Finding Balance between sport and my diet, or more specifically what I was ingesting, became a huge part of my life at a very impressionable time. It was throughout my grade 11 year of high school that I began to realize my dreams as an athlete, the person I wanted to be, and what I wanted from my future. At the time, they were to be the best I could be for whatever sports season was coming up next, and work towards getting to play football for a post-secondary team somewhere in Canada.

Early on in my grade 12 year, I fell into “the right crowd”. There was a student a year older than myself who really sparked my dedication to sport. I understood the concept of training hard in the offseason, but it was in watching him that I learned the body, life, and mindset dedication to being my best athletically. During the winter and spring of that school year, I trained with him and 3 others for a 4x400m relay team, coached by the most incredible person I have ever met in my life. By “the right crowd” I mentioned, this is them. Four others who were ready to fully commit to an all out dedication to training for that upcoming track and field season, coupled with the support of an indescribably incredible person (coach).

From this older student, I learned a concept that stuck with me to this day and set the mindset for years of success. At some point he said to me, “If whatever you’re doing the night before is affecting your training the next day, then you shouldn’t be doing it”. Pretty black and white, and the context was geared towards drinking, but I took that  logic and applied it to my diet, sleep, and hydration as well. I turned that saying into a more general question that I could check in with myself on; “Is this helping me (achieve my goals)?”. This lead me on a path of a relatively dry journey through college, university, and beyond. As I said, this atmosphere was around me at a time in my life when I was discovering me. It was easy to incorporate this mentality into a relatively blank slate, especially when my closest friends were doing the same.

I continued my journey through college and university without a lot of drinking. It was impossible to justify in season, and out of season a Saturday night spent drinking would have a negative effect on my recovery and ability to train in the upcoming week.
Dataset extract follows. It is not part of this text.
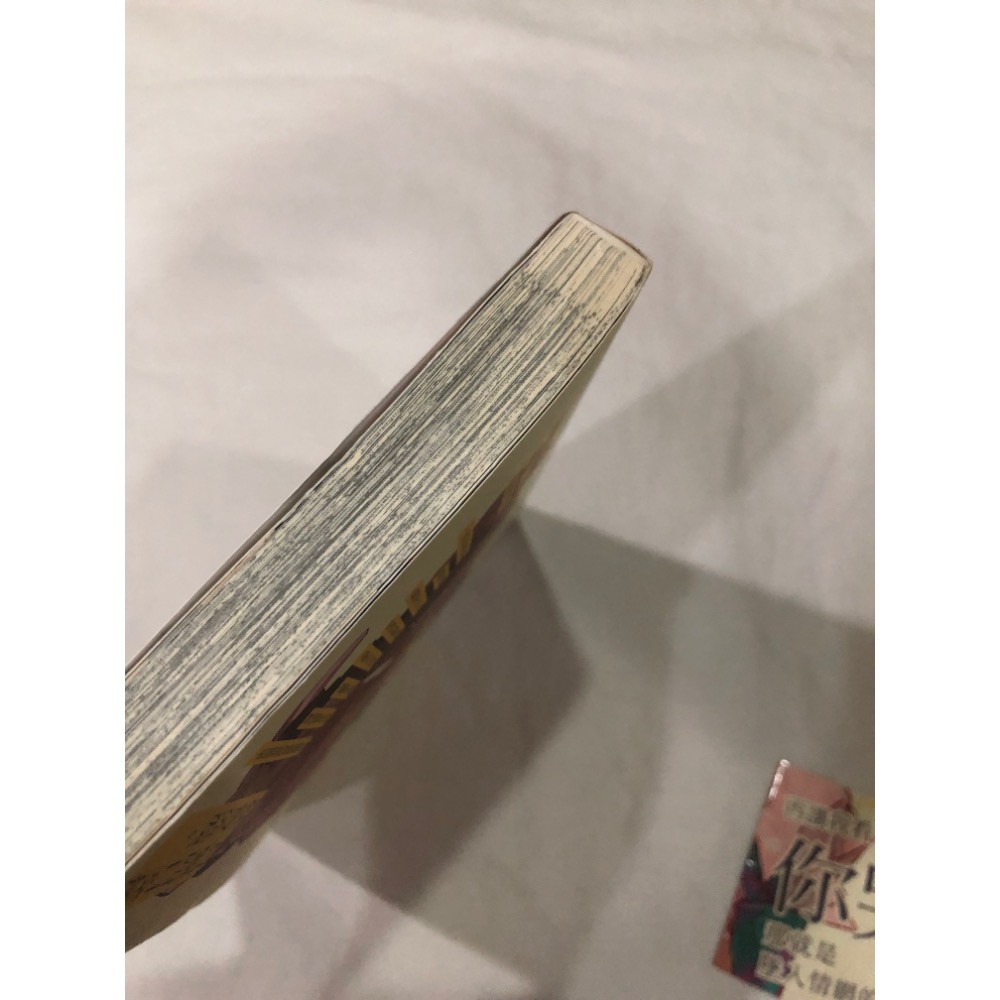 超人氣 、首刷、附書腰 🌟 愛哭寶貝 BL漫畫 灼-細節圖5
Lack of sleep, anti-hydration, and occasionally a loss of appetite the day after. However, my choosing to not drink throughout those years resulted in the accidental decision to not socialize. I skipped team outings and countless more casual evenings because I didn’t want to drink. When I did go, I was having to turn down the onslaught of offers to join someone for a drink, or to defend myself against the all too common question; “where’s your drink?”. In my mind at the time, the alternative to not going out was to follow the herd. So the choice was clear and obvious. Don’t go. (Yes, there are feelings of regret).

I have since found more of a balanced path. It’s easier now though, because those who have been around me for years have come to expect my not drinking, and those that are new to my life or I am meeting for the first time are far more accepting of my decision. The ease of the latter didn’t come until people were able to justify my decision in their own minds. Usually with something to do about me playing in the CFL or being an Olympic athlete. Occasionally they even assume my response before I can tell them. But this ease of response didn’t occur until I had achieved this “status” of two sport pro athlete.

Ideally the understanding would have occurred long before achieving my goal, and hopefully the type of goal (or reasoning) becomes irrelevant to the public for those wishing to make a similar decision, finding their balance.